Ahora claman los expertos contra el circo, los tacones, lentejuelas, los excesos paralelos al objeto primigenio. Se critica tanto el show que las películas no importan. Buenas, malas o mediocres, solo pasan a la historia la vencedora y una más. Es decir, la Palma de Oro y la que más revuelo provocó en su proyección.
Este año se celebran los cincuenta años de la gran obra de Eustache, La maman et la putain, estandarte de la esencia del antiguo festival. Este año han invitado a Tom Cruise que no trató de aterrizar en la Croisette con helicóptero incluido.
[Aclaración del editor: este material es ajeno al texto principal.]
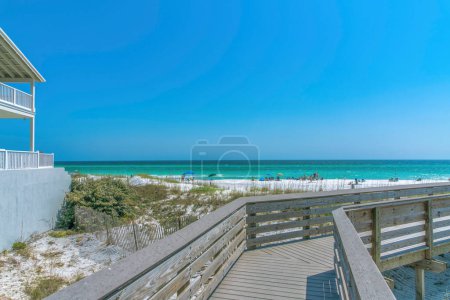 View of the beach with tourists on the shore from a boardwalk at Destin, Florida. There is a view of a beach house on the left with balconies near the tall grasses at the side and a waterfront view.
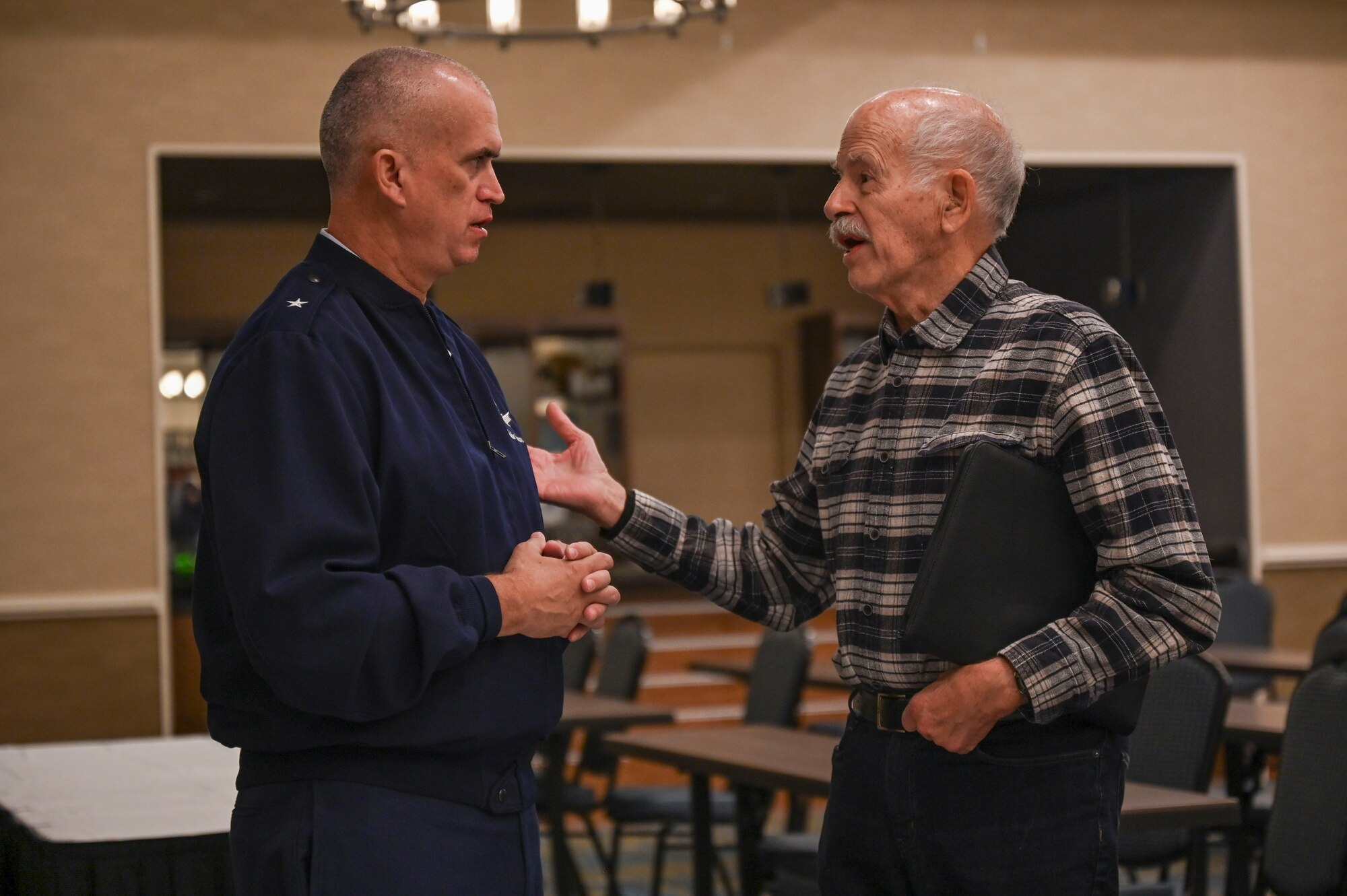 Two men face each other as they speak in a conference room.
Y de nuevo por la noche los destrozos en habitaciones del Martinez (sin la tilde, claro) y la ruta de los coches que desfilan hacia Niza o a Saint Paul. De La Palme d’Or a La Colombre d’Or. Todo por un trozo de ese sueño que es el cine. La venganza y el estilo, el rencor y los diamantes, los apliques invisibles en la dermis o estropicios que generan unos hilos en las redes con los tweets más generosos del anónimo enemigo. Es tan peculiar lo que uno ve en el mes de mayo.
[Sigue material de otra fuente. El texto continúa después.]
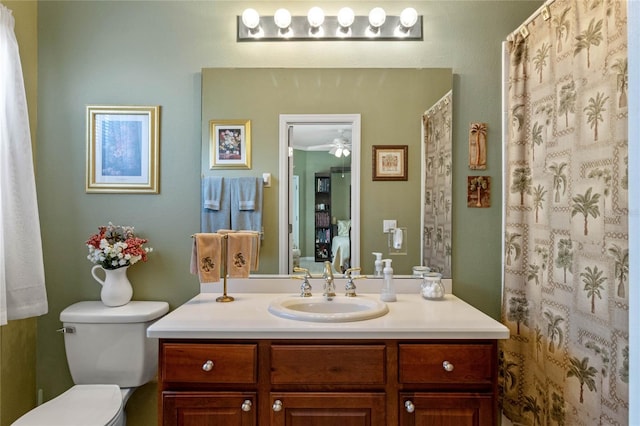 bathroom featuring vanity, ceiling fan, and toilet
Las corrientes se dividen -fifty fifty- entre lo excelso o lo epicúreo, entre el nostálgico de lo de antaño y el que se alquila dos esmóquines para así no lamentarse de la copa que tiró -o que le tiraron- en la solapa, una mancha que no oculta ni el clavel más blanco y grande de un galán de los cincuenta. Se ha creado un espacio de cohabitación -c’est si français- donde el que escribe en los Cahiers toma un Negroni junto al cronista del Voici. Le han tomado el pelo al que pensó que la cultura era aburrida. O quizá fue el aburrido el que evitó la diversión tras conceder el voto -merecido- a La double vie de Véronique.
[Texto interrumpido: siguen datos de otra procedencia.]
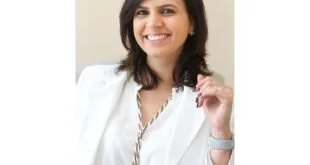 Retrato de mulher sorridente de blazer branco sobre fundo claro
Hace tiempo que en el limbo del concepto “sociedad” se debate entre lo eterno y lo fugaz. Parecemos empeñados en el mundo cultural en defender lo que pervive y a menudo lo olvidamos: ni la Historia del presente la decide el que está vivo, ni los libros del futuro aceptarán el dogma actual. Demasiado esfuerzo se ha invertido ya. Vamos a dejarlo de una vez por todas. Ni lo eterno es nunca eterno, ni el momento más fugaz es despreciable. He aplicado a este discurso su argumento porque pocos todavía recordamos a la novia -Mary Pickford-. ¿Qué hubieran pensado los coetáneos de negarle eternidad a su diosa? Y lo mismo pasará con otros tantos. Y quizás a los que ahora nazcan les resulte fatigoso conocer quién fue James Dean o Cary Grant (ya no hablamos ni de Garbo o de Errol Flynn). Para entonces esas plumas enconadas en la loa al santuario de estampitas con la firma y fondo blanco ya no existirán, se habrán secado y, quizá, cuando nadie sepa quién es Wilder ni recuerden a Ernst Lubitsch, se dirán unos a otros que debieron prolongar esa velada con el columnista de Voici, apurar al menos tres gin-fizz o escorarse un poco a la derecha y alcanzar a darle su teléfono a Orson Welles cuando andaba por el mundo preparando su Quijote. Aspiraba a la Legion d’honneur y tan solo consiguió que se acordaran de su muerte en un rincón con cinco líneas.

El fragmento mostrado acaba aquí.